Accessing SputnikVM

Methods of accessing SputnikVM:

• Foreign Function interface
• Service level asynchronous IO
• Command Line Interface
• Via the standard Cargo build system.

Require/Commit functionality of the VM.

SputnikVM for the moment has taken a rather functional approach to executing the VM.

A code snippet from the regression test demonstrates the setup and execution.

        let mut vm = SeqTransactionVM::new(transaction, block_header.clone(), &FRONTIER_PATCH);
        loop {
            match vm.fire() {
                Ok(()) => {
                    println!("VM exited successfully, checking results ...");
                    break;
                },
                Err(RequireError::Account(address)) => {
                    println!("Feeding VM account at 0x{:x} ...", address);
                    let nonce = M256::from_str(&client.get_transaction_count(&format!("0x{:x}", address),
                                                                             &last_block_number)).unwrap();
                    let balance = U256::from_str(&client.get_balance(&format!("0x{:x}", address),
                                                                    &last_block_number)).unwrap();
                    let code = read_hex(&client.get_code(&format!("0x{:x}", address),
                                                         &last_block_number)).unwrap();
                    vm.commit_account(AccountCommitment::Full {
                        nonce: nonce,
                        address: address,
                        balance: balance,
                        code: code,
                    });
                },
                Err(RequireError::AccountStorage(address, index)) => {
                    println!("Feeding VM account storage at 0x{:x} with index 0x{:x} ...", address, index);
                    let value = M256::from_str(&client.get_storage_at(&format!("0x{:x}", address),
                                                                      &format!("0x{:x}", index),
                                                                      &last_block_number)).unwrap();
                    vm.commit_account(AccountCommitment::Storage {
                        address: address,
                        index: index,
                        value: value,
                    });
                },
                Err(RequireError::AccountCode(address)) => {
                    println!("Feeding VM account code at 0x{:x} ...", address);
                    let code = read_hex(&client.get_code(&format!("0x{:x}", address), &last_block_number)).unwrap();
                    vm.commit_account(AccountCommitment::Code {
                        address: address,
                        code: code,
                    });
                }
                Err(err) => {
                    println!("Unhandled require: {:?}", err);
                    unimplemented!()
                },
            }
        }

Notice how a RequireError is thrown for Account, AccountCode and AccountStorage.
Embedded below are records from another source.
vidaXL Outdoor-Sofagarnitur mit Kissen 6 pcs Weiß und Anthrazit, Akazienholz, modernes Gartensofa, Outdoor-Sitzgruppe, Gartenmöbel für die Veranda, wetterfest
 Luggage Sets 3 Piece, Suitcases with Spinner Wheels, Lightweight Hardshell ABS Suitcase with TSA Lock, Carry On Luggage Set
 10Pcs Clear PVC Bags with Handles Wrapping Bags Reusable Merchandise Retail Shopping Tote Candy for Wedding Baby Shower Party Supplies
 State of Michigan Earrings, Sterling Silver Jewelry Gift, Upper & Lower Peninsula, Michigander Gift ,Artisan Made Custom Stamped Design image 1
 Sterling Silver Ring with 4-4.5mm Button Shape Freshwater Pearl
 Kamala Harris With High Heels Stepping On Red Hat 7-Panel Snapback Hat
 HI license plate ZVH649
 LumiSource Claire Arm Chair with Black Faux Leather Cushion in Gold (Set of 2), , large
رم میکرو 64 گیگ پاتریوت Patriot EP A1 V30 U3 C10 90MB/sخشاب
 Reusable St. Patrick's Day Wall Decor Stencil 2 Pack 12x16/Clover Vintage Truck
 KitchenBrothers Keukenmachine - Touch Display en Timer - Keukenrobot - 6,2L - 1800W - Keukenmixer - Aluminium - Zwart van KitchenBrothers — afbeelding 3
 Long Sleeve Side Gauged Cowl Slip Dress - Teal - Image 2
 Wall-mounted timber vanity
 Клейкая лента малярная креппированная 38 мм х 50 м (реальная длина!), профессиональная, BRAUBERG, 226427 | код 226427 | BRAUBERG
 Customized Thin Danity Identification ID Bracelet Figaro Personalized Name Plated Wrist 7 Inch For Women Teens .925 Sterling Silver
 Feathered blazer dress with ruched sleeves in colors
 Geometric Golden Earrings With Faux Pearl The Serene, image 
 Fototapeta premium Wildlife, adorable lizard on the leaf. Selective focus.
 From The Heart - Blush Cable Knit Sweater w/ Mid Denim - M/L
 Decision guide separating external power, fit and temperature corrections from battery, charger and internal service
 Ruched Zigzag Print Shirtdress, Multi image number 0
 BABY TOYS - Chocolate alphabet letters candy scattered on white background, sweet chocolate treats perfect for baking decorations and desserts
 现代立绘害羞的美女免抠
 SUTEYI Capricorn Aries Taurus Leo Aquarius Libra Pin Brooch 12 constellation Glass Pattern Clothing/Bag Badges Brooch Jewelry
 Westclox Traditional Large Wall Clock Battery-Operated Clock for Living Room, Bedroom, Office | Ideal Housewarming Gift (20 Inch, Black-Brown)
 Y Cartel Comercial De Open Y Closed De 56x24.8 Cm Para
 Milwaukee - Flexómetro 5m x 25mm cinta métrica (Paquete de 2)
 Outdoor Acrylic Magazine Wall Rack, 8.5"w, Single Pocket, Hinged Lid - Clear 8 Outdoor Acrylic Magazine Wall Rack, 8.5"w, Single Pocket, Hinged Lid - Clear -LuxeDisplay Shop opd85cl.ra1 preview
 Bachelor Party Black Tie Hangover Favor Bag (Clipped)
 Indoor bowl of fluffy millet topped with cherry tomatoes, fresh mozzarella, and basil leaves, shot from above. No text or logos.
Some contracts, when executing, need to know more information during execution before it can continue. Typically this information is retrieved from the blockchain on demand basis. The AccountStorage is another example of feeding the address of the contract storage so the VM can continue execution.

The rationale behind this design is execution can swiftly continue for most contracts that do not require talking to other contracts or referencing excessive account storage.

Note this API is currently raw and thus highly experimental. The possibilty of it changing for a call mechanism is higher as integrating a WebAssembly VM is highly probable and thus the semantics will undoubtedly require changing.